Tag Archives: Maine elder law

Long-term health care planning for same sex couples

By Patrice A. Putman, Maine elder law attorney

On June 26, 2013, the US Supreme Court overturned essential parts of the Defense of Marriage Act, a decision that has a major impact on many of my friends and clients. Until then, the federal Defense of Marriage Act “DOMA” did not allow the recognition of same sex marriage. This meant that a married same sex couple who had lived together for 20 or even 60 years was not able to take advantage of the hundreds of federal benefits that the government gives to married heterosexual couples. Many people realize that same sex couples have not been able to take advantage of the tax benefits associated with filing joint federal income tax returns or Social Security benefits. Something that people are less aware of is the inequity in how long-term care rules have applied to these couples. Now, in Maine, a state where same sex marriage is recognized, these inequities can begin to be addressed.

When a family receives a diagnosis of dementia, they not only need to live with frightening health consequences, they also need to deal with a myriad of financial consequences. Where health insurance and Medicare pay for the diagnosis and treatment of most illnesses, they do not pay for long-term care costs when a person needs to move into an assisted living or nursing home. Only long-term care insurance and Medicaid (called MaineCare in Maine) pay for long-term care. Long-term care generally costs $70,000 a year or more. MaineCare will begin contributing to long-term care costs when a person has less than $10,000 in assets.

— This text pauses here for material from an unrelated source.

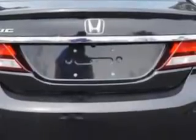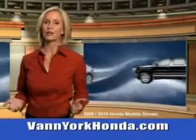Enjoy your drive and have peace of mind in this 2014 Honda Civic. See us at Van York Auto Mall today. Van York Honda at the Auto Mall.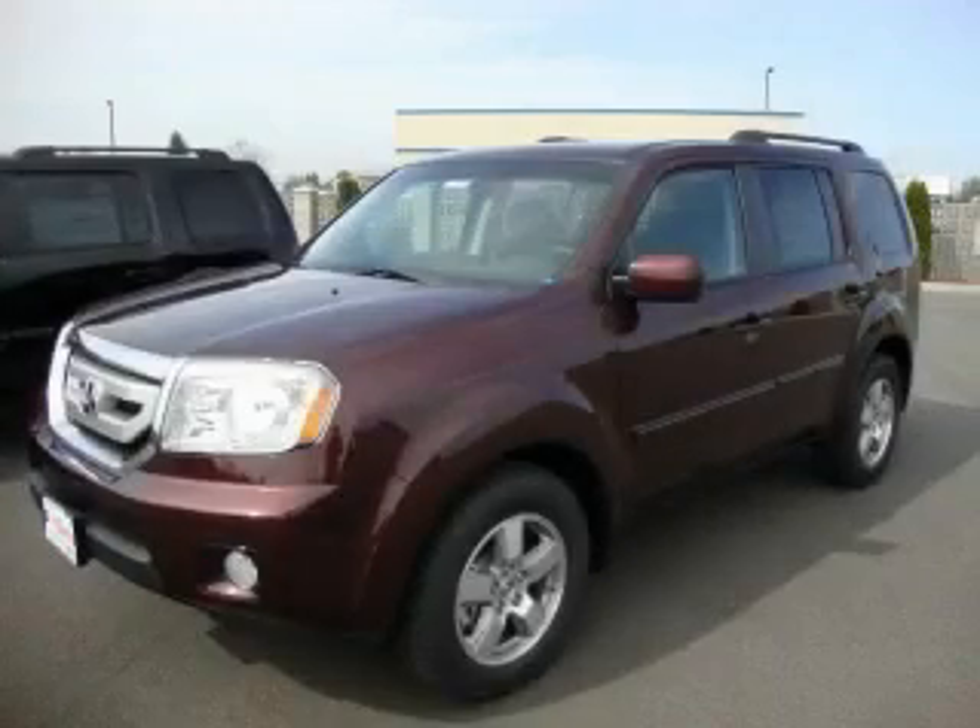This is a brand new 2011 Honda Pilot — functional utility for a modern lifestyle.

When a married person moves into an assisted living facility, MaineCare allows the couple to transfer their assets to the spouse who still lives at home. This means that while the spouse who moves into the assisted living facility can only have $10,000, the rest of the couple’s assets can be kept and used by the spouse at home. When a married person moves into a nursing home, MaineCare allows the spouse living at home to own a home, a car, personal property, and have other assets totaling $115,920. Unmarried couples do not have these options. Only the $10,000 rule applies to the unmarried person.

Now that the Supreme Court has declared significant parts of DOMA to be unconstitutional, the federal government must begin providing same sex spouses the same ability to transfer and protect their hard-earned assets that other married couples have always had. Now, when dementia hits a married gay or lesbian couple, they will have the same heartbreak and the same financial concerns that other married couples have, not 100 times more – at least if they are lucky enough to live in a state like Maine where same sex marriages are allowed and recognized.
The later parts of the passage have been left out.